Im Paradies schwätzt man schwäbisch
E in Wirtshaus, das seit nunmehr 120 Jahren in einem Ort steht, ist nie einfach nur eine Gastronomie, wo es halt was zu essen und zu trinken gibt. Nein, solche ortsbildprägenden Häuser sind immer auch die Schatzkiste einer Stadt, in deren Innerem nichts weniger als ein Stück der Identität ihrer Bürger bewahrt wird. Insofern war die Wiederbelebung des Wirtshauses Paradies in Bad Saulgau durch Frank Selbherr im Jahr 2013 ein Akt der Rettung dieser Identität. Im Hier und Heute stellt sich die Traditionsgaststätte als eine gesunde Mischung aus altem Charme und rustikaler Moderne dar, in der sich der Gast aus dem Stand wohlfühlt.
Die Bedienungen haben einen schwäbischen Zungenschlag und versehen ihren Dienst mit verlässlichem Pflichtbewusstsein, was für ständige Präsenz sorgt.

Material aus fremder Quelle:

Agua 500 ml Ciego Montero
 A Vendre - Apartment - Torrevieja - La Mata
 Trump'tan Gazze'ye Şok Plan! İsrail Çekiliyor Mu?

Auch auf der Speisekarte spiegelt sich ihr Dialekt, obwohl an mancher Stelle der moderne Zeitgeist seinen Tribut fordert. Zum Beispiel in Form des „Wirtshaus-Burgers“, der bei näherer Betrachtung ein Fleischküchle in zwei Hälften eines echten Bäcker-Weckles ist. Versehen mit Soße, Zwiebeln und gebratenem Speck. Serviert in gehöriger Reichlichkeit, wie die Maulsperre eines am Nachbartisch zubeißenden Mannes eindrucksvoll belegt. Die bestellten Salate zeigen Solidität, wenn auch kein geschmackliches Spektakel. Das Maultaschensüppchen glänzt indes mit sehr aromatischen – weil fleisch- und würzreich gefüllt – Teigtaschen. Auch die Brühe kann sich durchaus löffeln lassen. Beim Griebenschmalzbrot wäre mehr Mut zu Salz und Pfeffer kein Schaden gewesen, was diesen schwäbischen Zwischengang aber nur um eine Winzigkeit in seiner – dank eines guten Sauerteigbrots – ordentlichen Qualität schmälert.
Das schwäbische Aushängeschild, der in zartem Rosa präsentierte Zwiebelrostbraten, ist zweifellos der Star des Menüs. Gibt er doch unter dem sanften Druck des Messers nach und offenbart seinen aromenreichen Saft. Die dazu gereichten Eierspätzle spielen ihre Nebenrolle als Sättigungsbeilage recht gut. Melierte und frittierte Zwiebeln komplettieren dieses Ensemble, bei dem einzig die Bratensoße deutlich hinter ihren Möglichkeiten zurückbleibt: Die dominante Kümmelnote kann nicht darüber hinwegtäuschen, dass die Tunke zu wenig Charakter besitzt und ihr Fundament nicht – oder zu wenig – aus Fleisch und Knochen gebaut ist. Das aber kann an der Tagesform des Kochs liegen. Zu loben ist allemal, dass die Bratensoße sicher weitestgehend hausgemacht ist, was inzwischen eher die Ausnahme als die Regel in der Gastronomie darstellt. Lobend ist zu erwähnen, dass die Chicken-Nuggets aus Hähnchenbrustfilet bestehen und nicht aus irgendeiner ominösen fleichkäsähnlichen Geflügelmasse. Auch die Fleischbeigabe zum „Steirischen Filetsalat“ist sehr gepflegt, besteht sie doch aus sehr saftigen Schweinelendchen in einer knusperfeinen Kürbiskern-Panade.
Das alles hinterlässt insgesamt vielleicht keinen vollkommen paradiesischen Gesamteindruck. Doch ein vernünftiger Schwabenhimmel ist das Haus allemal.